- _Problem_
Each line starting at the one that contains "Used Audi TT 2015 for sale - 76422678: Photo" and ending at the one that contains "В Челябинске поставят" must be returned exactly, and the rest of the listing is left out.

- _Records provided_
▽

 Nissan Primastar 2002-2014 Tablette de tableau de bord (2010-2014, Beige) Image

△
▽

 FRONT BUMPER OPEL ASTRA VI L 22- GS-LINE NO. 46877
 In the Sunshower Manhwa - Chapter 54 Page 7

△
▽

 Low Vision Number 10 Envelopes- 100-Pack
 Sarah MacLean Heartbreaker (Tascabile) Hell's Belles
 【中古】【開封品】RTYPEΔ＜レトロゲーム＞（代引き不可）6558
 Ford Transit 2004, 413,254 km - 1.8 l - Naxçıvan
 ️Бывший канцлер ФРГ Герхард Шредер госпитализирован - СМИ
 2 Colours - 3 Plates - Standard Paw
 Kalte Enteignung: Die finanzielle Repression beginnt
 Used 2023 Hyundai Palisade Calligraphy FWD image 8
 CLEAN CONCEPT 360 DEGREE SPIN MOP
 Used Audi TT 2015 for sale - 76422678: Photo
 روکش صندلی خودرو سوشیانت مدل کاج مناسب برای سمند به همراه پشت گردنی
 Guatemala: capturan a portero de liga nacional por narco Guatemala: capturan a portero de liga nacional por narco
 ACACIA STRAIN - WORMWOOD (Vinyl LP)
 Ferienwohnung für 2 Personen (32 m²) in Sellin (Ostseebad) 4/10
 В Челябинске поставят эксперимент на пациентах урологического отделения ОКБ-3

△

- _Completed task_
 Used Audi TT 2015 for sale - 76422678: Photo
 روکش صندلی خودرو سوشیانت مدل کاج مناسب برای سمند به همراه پشت گردنی
 Guatemala: capturan a portero de liga nacional por narco Guatemala: capturan a portero de liga nacional por narco
 ACACIA STRAIN - WORMWOOD (Vinyl LP)
 Ferienwohnung für 2 Personen (32 m²) in Sellin (Ostseebad) 4/10
 В Челябинске поставят эксперимент на пациентах урологического отделения ОКБ-3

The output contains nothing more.